Your recent editorial "Taiwan is sovereign but abnormal" (Nov. 11, page 8) left out one element: Taiwan in fact falls under US Military Government authority according to "Taiwan Status: From Grotius to WTO" (www.geocities.com/taiwanstatus/taiwanstatus)
The treaty between Japan and the Republic of China (ROC) was formed under the provision of the San Francisco Peace Treaty, to which the US is the principal signatory. Since Japan recognized the People's Republic of China (PRC) after 1979, the Taipei (Japan-ROC) Treaty became void. Japan and the PRC had another treaty under the provision of the San Francisco Peace Treaty. Before this treaty, there was an agreement among Japan, China and the US when the US had to ask China's help on the Vietnam problem. What followed was China asking for Taiwan's return (which required Japan's kowtow), and Japan asked for the return of Okinawa. So history shows Japan got Okinawa back, the US got the Vietnam problem solved, and in public China got the Three Communiques, signed by Washington and Beijing in 1972, 1978 and 1982. There is no doubt that the US made some concession on Taiwan to China, otherwise China would not have kept its insistence on the fulfillment of the Three Communiques.

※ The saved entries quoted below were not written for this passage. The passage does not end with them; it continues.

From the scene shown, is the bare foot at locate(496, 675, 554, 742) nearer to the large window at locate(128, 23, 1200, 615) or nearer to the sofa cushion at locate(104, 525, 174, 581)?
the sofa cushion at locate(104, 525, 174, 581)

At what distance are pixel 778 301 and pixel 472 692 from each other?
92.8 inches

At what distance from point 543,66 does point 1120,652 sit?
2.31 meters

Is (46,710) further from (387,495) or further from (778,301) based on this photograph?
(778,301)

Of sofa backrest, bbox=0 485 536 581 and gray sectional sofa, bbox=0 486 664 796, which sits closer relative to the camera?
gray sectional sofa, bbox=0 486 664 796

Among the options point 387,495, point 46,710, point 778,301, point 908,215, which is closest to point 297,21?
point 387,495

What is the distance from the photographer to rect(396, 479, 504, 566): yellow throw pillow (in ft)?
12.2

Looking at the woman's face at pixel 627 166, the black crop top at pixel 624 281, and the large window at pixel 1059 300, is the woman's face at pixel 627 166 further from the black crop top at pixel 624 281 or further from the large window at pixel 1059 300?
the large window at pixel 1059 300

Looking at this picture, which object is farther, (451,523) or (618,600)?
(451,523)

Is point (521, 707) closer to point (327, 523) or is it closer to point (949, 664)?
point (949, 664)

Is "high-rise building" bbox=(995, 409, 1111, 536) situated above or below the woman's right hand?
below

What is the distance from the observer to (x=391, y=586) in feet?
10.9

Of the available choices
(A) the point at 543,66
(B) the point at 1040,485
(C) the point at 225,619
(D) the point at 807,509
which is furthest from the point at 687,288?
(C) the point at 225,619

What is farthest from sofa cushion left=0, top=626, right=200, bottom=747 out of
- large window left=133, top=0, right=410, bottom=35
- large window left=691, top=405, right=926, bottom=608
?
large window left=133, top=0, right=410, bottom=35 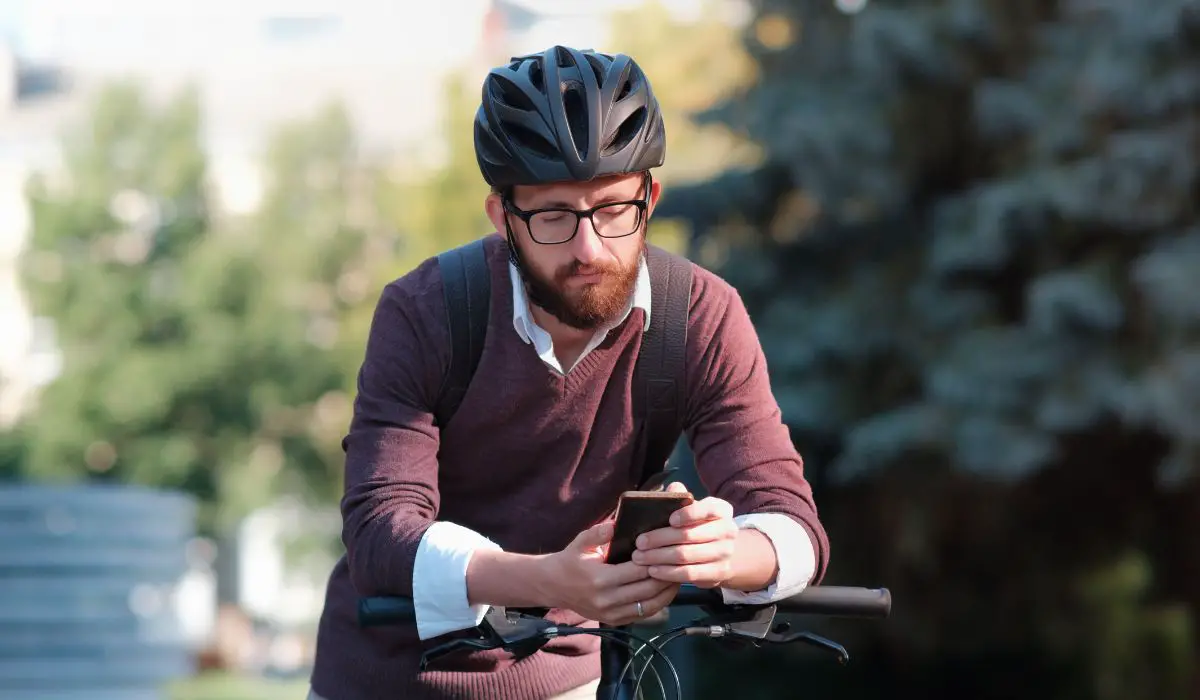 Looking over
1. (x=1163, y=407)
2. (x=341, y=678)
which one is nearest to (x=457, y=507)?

China can play a lot of cards. For example, the Bush administration changed its tone after the spy-craft incident during the first year of his presidency, and US Secretary of State Colin Powell and Chinese Foreign Minister Li Zhaoxing (李肇星) became "good friends." Taiwan has to watch out for being "traded" in the geopolitics of Japan, the Koreas, China and the US. What happened during Powell's "slip of the tongue," the recent agreement of China, and the US on the North Korea question both point to one agenda.

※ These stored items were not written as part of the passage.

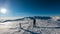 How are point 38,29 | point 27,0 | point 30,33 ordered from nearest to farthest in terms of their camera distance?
point 27,0
point 30,33
point 38,29

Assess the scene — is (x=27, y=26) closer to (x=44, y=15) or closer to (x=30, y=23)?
(x=30, y=23)

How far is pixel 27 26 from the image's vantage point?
1.53m

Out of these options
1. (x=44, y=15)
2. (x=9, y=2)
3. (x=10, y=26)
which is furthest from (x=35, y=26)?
(x=9, y=2)

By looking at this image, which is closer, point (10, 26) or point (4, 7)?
point (4, 7)

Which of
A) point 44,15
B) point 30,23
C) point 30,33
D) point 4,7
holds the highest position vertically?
point 4,7

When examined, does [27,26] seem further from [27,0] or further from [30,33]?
[27,0]

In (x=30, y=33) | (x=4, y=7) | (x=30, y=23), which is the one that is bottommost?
(x=30, y=33)

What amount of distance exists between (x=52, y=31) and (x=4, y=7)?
32.8 inches

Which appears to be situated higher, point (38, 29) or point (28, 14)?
point (28, 14)

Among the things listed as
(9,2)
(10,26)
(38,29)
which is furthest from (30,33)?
(9,2)

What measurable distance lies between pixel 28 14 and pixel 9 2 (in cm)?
32

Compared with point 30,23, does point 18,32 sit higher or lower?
lower

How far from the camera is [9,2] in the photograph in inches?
47.0

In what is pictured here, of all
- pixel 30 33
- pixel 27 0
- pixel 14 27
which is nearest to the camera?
pixel 27 0
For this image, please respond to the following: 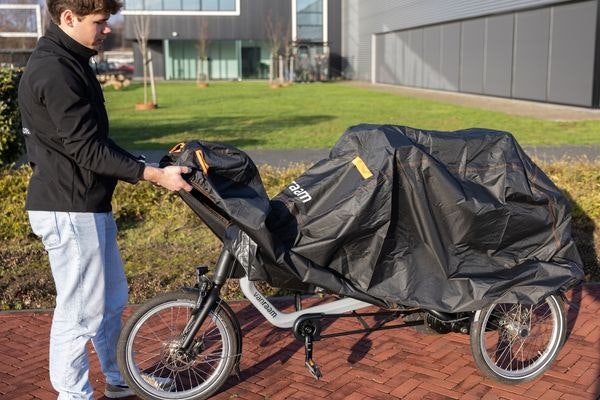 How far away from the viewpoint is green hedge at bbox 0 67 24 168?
7.88 metres

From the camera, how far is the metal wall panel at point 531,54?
2602cm

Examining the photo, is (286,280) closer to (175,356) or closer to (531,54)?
(175,356)

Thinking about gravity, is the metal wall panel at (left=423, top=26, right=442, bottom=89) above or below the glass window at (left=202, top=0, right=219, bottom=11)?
below

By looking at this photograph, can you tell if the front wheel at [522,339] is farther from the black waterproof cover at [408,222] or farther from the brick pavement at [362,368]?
the black waterproof cover at [408,222]

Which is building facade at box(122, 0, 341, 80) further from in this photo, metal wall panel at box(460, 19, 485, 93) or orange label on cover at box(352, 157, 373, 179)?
orange label on cover at box(352, 157, 373, 179)

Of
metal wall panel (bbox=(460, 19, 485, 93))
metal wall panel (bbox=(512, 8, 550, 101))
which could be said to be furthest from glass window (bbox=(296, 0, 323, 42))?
metal wall panel (bbox=(512, 8, 550, 101))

There are signs that this event is very similar to the Vietnam problem in the 1970s. After the North Korea question is solved, there will be some changes regarding Taiwan's status as far as the Bush administration is concerned. Unless Taiwan wants to become the 51st state of the US, it cannot depend on assistance.

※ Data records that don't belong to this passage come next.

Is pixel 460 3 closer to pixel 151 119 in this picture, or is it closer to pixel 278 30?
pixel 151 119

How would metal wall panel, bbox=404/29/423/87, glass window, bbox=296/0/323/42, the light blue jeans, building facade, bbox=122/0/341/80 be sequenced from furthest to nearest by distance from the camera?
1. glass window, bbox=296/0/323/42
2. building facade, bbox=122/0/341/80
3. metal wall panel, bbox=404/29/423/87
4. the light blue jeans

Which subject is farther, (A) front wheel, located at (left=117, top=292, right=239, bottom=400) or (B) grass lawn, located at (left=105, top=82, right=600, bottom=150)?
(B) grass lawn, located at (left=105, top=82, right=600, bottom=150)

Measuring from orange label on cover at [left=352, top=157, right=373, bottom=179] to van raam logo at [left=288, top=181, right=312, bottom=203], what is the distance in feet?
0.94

Overseas Taiwanese organizations have to be recruited to help prevent a status change. At least these organizations have to expand their agenda to include the Americans and British to put pressure on their representatives in the US Congress so that the Bush administration will not give Taiwan to China.
Taipei isn't Beijing
If Tongyong pinyin were a "nuisance" ("The perfect romanization system," Nov. 20, page 8), Hanyu pinyin would be worse, because most people need a phrase book to adapt to its "q" and "x." Without such a book, people will be at a loss. They will wonder, for example, whether "qing" should be pronounced as "king" or "quing" or something else; and whether "xi" should be pronounced as "zi" or "eksi" or "si."
By replacing "q" and "x" in Hanyu by "c" and "s" in Tongyong, people can read "cing" and "si" in the previous examples more easily and accurately. Tongyong is for the great majority of people who do not have any background in Hanyu, nor any reference books about Mandarin romanization.
It is inappropriate to claim Hanyu (literally meaning "Han language") is a "standard." After all, the Han is only one of the major ethnic groups in China. There is no such thing as standard English, French or Spanish. Why should there be standard Chinese?